Every line below between the line holding "mask, jacket, staff, dress, concept" and the line holding "[901] Assyrian Winged", inclusive, should be repeated exactly, and all other lines omitted.

Available records:
%%

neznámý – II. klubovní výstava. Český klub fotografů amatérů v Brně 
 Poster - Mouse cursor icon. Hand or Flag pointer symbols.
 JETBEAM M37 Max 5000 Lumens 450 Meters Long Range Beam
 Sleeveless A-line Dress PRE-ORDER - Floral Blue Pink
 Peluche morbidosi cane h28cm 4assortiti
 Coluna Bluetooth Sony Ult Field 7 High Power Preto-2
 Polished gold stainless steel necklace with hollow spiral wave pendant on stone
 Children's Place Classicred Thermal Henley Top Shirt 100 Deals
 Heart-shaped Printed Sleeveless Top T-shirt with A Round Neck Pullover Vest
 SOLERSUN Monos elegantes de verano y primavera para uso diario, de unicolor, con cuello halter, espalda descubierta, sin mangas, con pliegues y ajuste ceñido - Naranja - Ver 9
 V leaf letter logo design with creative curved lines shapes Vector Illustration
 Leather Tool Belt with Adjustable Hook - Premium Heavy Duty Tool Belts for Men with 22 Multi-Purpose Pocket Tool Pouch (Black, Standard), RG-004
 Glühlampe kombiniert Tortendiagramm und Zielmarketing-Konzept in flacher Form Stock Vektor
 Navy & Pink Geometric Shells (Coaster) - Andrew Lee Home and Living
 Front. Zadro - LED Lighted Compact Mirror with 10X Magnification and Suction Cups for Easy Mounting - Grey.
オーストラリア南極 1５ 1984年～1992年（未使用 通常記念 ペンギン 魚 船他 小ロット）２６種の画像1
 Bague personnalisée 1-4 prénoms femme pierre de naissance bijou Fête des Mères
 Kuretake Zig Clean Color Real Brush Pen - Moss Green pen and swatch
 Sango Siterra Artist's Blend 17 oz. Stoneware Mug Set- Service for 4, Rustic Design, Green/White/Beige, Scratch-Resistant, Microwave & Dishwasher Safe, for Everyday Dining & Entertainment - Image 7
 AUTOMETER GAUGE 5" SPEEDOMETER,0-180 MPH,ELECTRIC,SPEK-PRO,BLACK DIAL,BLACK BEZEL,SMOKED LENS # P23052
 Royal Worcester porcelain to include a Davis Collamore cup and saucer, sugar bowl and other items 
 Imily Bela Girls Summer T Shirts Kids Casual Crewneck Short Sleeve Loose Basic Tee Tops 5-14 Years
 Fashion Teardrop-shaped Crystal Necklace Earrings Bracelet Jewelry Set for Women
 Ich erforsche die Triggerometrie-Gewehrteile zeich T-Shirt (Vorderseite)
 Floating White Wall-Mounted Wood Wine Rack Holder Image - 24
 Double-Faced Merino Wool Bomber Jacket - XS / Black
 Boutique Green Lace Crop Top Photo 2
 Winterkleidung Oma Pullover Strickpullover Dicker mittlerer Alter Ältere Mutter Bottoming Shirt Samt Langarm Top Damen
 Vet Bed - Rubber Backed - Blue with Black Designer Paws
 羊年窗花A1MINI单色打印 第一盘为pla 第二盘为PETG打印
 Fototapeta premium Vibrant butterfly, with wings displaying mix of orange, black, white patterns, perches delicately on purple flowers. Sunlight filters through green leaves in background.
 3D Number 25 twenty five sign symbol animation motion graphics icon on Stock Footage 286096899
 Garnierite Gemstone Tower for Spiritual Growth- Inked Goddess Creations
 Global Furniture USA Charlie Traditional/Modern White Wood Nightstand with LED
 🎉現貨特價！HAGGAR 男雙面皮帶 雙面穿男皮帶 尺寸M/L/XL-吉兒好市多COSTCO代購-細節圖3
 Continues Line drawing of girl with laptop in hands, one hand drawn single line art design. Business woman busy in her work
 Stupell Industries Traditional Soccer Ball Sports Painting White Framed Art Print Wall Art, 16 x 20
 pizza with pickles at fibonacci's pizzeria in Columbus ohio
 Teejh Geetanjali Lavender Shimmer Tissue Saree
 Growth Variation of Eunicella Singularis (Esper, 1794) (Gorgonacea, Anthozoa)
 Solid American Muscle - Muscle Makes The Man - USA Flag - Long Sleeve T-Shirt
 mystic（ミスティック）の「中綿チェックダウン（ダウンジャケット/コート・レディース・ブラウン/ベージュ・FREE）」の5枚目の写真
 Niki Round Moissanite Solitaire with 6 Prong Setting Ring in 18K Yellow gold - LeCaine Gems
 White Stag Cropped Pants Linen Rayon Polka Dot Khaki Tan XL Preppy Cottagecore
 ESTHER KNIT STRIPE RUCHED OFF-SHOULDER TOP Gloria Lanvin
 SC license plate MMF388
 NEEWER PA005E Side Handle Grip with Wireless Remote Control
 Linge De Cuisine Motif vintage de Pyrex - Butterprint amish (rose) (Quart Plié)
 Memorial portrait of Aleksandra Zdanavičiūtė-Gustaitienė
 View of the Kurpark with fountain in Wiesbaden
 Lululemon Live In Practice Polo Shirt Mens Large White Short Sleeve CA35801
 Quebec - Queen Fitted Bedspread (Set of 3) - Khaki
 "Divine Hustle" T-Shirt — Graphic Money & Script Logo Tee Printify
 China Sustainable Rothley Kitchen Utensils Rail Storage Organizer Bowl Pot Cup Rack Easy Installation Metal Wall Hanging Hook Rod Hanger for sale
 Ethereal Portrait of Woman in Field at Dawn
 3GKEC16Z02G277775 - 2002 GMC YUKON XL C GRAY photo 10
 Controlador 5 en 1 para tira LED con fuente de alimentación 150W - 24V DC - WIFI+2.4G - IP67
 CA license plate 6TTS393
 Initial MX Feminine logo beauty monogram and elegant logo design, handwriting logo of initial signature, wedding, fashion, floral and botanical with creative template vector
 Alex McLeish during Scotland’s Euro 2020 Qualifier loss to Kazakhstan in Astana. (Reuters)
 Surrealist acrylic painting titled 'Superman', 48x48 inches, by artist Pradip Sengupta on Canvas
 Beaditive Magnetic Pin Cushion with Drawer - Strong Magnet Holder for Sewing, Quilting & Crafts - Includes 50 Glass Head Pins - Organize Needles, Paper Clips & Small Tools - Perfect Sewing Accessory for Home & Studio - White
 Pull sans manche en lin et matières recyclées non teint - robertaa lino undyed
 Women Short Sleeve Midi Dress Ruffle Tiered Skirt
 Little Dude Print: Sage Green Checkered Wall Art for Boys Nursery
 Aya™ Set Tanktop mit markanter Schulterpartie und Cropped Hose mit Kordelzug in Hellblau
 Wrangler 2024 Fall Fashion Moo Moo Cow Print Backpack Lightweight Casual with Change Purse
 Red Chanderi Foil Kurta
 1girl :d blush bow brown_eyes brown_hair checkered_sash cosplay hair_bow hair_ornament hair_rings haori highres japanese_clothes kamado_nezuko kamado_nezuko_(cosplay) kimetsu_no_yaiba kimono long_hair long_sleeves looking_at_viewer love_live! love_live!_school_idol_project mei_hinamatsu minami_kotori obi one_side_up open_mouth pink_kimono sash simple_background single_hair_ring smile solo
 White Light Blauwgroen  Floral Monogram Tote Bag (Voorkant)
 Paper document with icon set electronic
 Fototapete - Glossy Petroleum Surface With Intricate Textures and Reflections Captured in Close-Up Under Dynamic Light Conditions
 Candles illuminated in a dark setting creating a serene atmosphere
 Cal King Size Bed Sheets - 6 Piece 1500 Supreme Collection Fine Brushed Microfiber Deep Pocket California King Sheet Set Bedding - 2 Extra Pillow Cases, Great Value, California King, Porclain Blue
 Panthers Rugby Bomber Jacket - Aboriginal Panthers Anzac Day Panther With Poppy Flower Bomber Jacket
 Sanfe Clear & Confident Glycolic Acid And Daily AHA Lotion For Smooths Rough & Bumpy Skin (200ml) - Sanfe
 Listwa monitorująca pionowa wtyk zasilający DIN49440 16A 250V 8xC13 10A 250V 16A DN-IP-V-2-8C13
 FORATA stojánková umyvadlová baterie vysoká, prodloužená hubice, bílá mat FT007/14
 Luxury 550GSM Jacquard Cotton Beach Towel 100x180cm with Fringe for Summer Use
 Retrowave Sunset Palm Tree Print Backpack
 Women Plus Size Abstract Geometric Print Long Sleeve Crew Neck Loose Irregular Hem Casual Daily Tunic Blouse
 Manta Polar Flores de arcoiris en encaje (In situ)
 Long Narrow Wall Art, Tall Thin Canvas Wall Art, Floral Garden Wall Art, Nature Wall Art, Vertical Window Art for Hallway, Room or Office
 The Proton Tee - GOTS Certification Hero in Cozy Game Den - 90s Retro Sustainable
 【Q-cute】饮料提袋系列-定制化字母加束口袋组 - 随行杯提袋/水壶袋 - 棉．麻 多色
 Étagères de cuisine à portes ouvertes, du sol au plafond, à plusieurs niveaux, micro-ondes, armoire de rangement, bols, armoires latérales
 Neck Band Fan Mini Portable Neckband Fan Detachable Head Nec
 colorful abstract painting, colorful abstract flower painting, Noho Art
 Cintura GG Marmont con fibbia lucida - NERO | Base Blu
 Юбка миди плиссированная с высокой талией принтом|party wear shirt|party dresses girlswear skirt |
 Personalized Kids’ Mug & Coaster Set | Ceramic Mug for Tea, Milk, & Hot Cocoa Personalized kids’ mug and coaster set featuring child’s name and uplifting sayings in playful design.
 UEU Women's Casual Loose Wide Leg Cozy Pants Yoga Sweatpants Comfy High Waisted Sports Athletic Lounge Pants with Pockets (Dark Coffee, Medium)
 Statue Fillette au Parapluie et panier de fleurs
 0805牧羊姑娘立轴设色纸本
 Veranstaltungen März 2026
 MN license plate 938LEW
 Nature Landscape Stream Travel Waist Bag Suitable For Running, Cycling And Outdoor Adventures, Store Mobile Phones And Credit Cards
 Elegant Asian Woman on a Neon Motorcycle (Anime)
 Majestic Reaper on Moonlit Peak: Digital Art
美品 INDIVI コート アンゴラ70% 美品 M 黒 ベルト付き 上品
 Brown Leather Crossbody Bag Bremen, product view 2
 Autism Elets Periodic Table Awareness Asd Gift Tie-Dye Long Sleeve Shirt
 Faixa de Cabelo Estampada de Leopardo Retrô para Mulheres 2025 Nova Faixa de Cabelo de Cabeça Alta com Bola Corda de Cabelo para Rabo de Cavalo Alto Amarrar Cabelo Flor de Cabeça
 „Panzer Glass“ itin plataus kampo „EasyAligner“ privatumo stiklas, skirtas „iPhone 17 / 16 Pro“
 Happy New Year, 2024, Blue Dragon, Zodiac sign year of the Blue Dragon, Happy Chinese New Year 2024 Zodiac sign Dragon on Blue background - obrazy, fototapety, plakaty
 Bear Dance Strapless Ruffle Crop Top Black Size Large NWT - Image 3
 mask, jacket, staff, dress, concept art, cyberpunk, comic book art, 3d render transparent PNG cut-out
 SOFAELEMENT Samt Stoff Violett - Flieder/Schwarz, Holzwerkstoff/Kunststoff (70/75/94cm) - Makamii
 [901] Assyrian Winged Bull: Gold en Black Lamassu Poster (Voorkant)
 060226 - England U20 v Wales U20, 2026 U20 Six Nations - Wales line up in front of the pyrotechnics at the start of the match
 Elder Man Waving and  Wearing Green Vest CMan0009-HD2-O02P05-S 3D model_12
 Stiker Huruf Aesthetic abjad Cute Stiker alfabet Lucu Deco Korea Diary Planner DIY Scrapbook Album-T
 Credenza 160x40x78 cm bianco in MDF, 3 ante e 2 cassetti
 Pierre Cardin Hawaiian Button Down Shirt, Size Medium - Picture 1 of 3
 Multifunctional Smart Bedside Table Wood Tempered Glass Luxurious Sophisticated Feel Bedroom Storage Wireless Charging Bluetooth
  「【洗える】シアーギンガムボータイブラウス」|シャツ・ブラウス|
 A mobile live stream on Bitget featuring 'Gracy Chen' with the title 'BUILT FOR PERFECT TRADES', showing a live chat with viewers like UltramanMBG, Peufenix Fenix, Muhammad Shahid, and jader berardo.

%%

Task answer:
 mask, jacket, staff, dress, concept art, cyberpunk, comic book art, 3d render transparent PNG cut-out
 SOFAELEMENT Samt Stoff Violett - Flieder/Schwarz, Holzwerkstoff/Kunststoff (70/75/94cm) - Makamii
 [901] Assyrian Winged Bull: Gold en Black Lamassu Poster (Voorkant)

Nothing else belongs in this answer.